Alexander Genser

Fully actuated signal controls are becoming increasingly popular in modern urban environments, attempting to reduce congestion locally, synchronize flows, or prioritize specific types of vehicles. This trend is expected to grow as more vehicles are expected to communicate via Vehicle-to-Infrastructure (V2I) communication. The presented dataset contains cleaned observations from a fully actuated signal control system with priority for public transportation. Time series data of traffic signals that regulate vehicle, public transportation, bicycle, and pedestrian traffic flows are available, showing where a traffic signal operates in a red or green phase. Also, loop detector data representing the occupancy at several locations at an urban intersection in Zurich, Switzerland is available. The data of all traffic signals and loop detectors corresponds to January and February 2019 and has a resolution of 1 second. Recent advances in transportation science show novel approaches for signalized intersections, but most publications assess their methodology on self-collected or simulated data.
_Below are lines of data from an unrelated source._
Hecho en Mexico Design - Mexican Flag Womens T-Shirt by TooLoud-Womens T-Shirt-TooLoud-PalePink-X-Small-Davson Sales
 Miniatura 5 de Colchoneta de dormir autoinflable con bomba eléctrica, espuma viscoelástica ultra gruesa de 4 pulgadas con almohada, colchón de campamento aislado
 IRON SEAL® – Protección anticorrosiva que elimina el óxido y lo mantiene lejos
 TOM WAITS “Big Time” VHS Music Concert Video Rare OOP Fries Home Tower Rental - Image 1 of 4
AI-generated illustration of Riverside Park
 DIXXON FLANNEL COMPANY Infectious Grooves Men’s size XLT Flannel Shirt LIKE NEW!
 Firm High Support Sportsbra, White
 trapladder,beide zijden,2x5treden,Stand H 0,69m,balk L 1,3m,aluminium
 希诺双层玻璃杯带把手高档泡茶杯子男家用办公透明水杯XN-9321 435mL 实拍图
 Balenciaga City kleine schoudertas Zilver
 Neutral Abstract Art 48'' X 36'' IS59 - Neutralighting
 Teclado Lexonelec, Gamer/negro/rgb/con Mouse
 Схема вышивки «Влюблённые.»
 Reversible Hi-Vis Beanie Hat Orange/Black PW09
Therefore, the presented dataset aims at facilitating the development, calibration, and validation of novel methodological developments for modeling, estimation, forecasting, and other tasks in traffic engineering. Furthermore, it can be used as a real-world benchmark dataset for objectively comparing different methodologies.

Contributions

Data description

The dataset consists of four comma-separated-value (CSV) files with 15 days of consecutive time series data each. The corresponding names are ‘intersection_data_set_jan_01_15.csv’, intersection_data_set_jan_16_30.csv’, intersection_data_set_feb_01_15.csv’, and ‘intersection_data_set_feb_16_28.csv’. Note that the second dataset for February only contains 12 days. In total, two months of data are available for January and February 2019. The data includes the device states for all traffic lights and loop detectors (LD) at an urban intersection. Every data sample (a row entry in the dataset) corresponds to one observation. The provided data resolution is 1 sec. Each CSV file provides the same data structure defined as follows:

All LDs in the dataset are also provided as time series with the states 0 and 1. The state 0 represents an LD not occupied, i.e., no vehicle currently passes the location where the LD is implemented. On the other hand, if an LD shows a pulse, meaning that the signal state is 1, a vehicle occupies the LD. Figure 2 depicts a sample signal of an LD with six detections and the corresponding signal states.

Experimental set-up

The collected dataset represents traffic signal and LD data from a four-leg intersection in Zurich, Switzerland. The intersection, depicted in Figure 3, is regulated by a fully-actuated signal control system, meaning that red, green, and cycle times are non-constant [2,3]. The variation of these is due to the priority of public transportation and the extension or shortage of signal phases based on the intersection approach’s traffic demand [4]. The speed limit for the intersection’s northbound and southbound approach is 30 km/h. For approaches from west and east, the maximum speed is regulated at 50 km/h. In Figure 3, the traffic signals are shown with circled numbers. There are 12 traffic signals installed at the stop lines. Signals 1, 2, 4, 5, and 6 control vehicular traffic streams and follow a red-green signalization pattern. Traffic signal 3 regulates only bicycle flows that can travel straight to the south. Pedestrian flows are regulated by signals 7 - 10. From north to south and vice versa, multiple tram lines frequently operate between 7:00 and 22:00. The tram tracks are indicated by dashed lines and overlap with car lanes for the southbound approach. The signal control potentially prioritizes public transportation, and signals 11 and 12 represent the designated traffic lights for trams. This subset of traffic lights only operates in a green phase when trams arrive at the intersection.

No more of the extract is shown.